DATA BELOW:
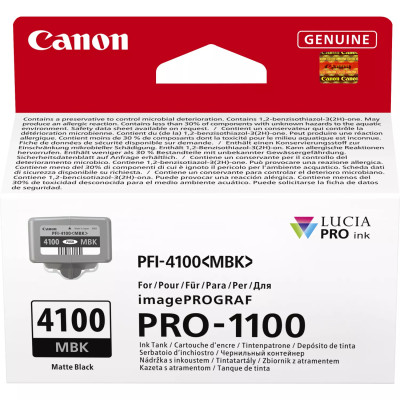 Canon PFI-4100MBK (6776C001), originálny atrament, matne čierny, 80 ml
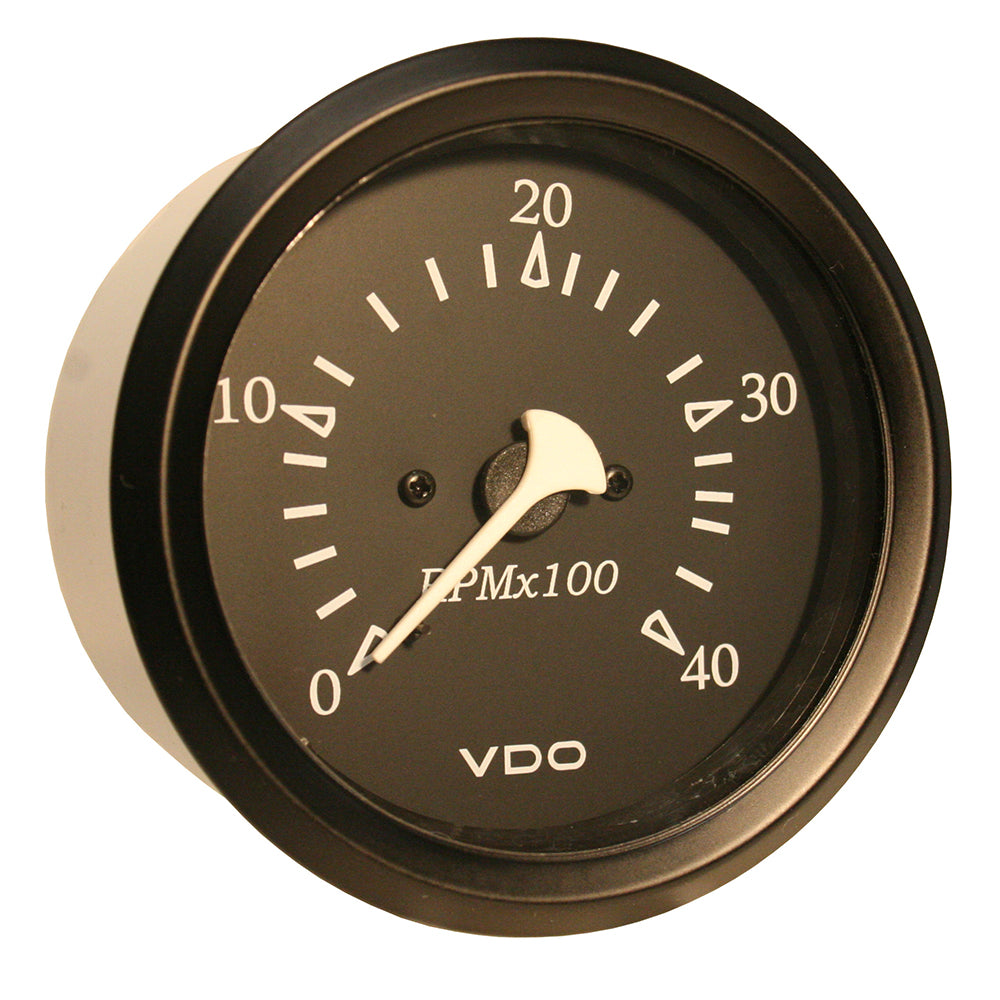 VDO Cockpit Marine 85MM (3-3/8") Diesel Tachometer - 4000 RPM - Black Dial/Bezel [333-11915] - Premium Gauges from VDO - Just $69.99! 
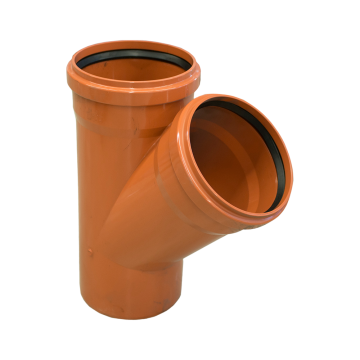 Ramificatie canalizare exterioara PVC Valplast, 45 grade, diametru 250 / 250 mm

TASK TO CARRY OUT: Start with the line that holds "VDO Cockpit Marine" and retype each line through the last one in the data, exactly and without pictures.

EXERCISE SOLUTION:
 VDO Cockpit Marine 85MM (3-3/8") Diesel Tachometer - 4000 RPM - Black Dial/Bezel [333-11915] - Premium Gauges from VDO - Just $69.99! 
 Ramificatie canalizare exterioara PVC Valplast, 45 grade, diametru 250 / 250 mm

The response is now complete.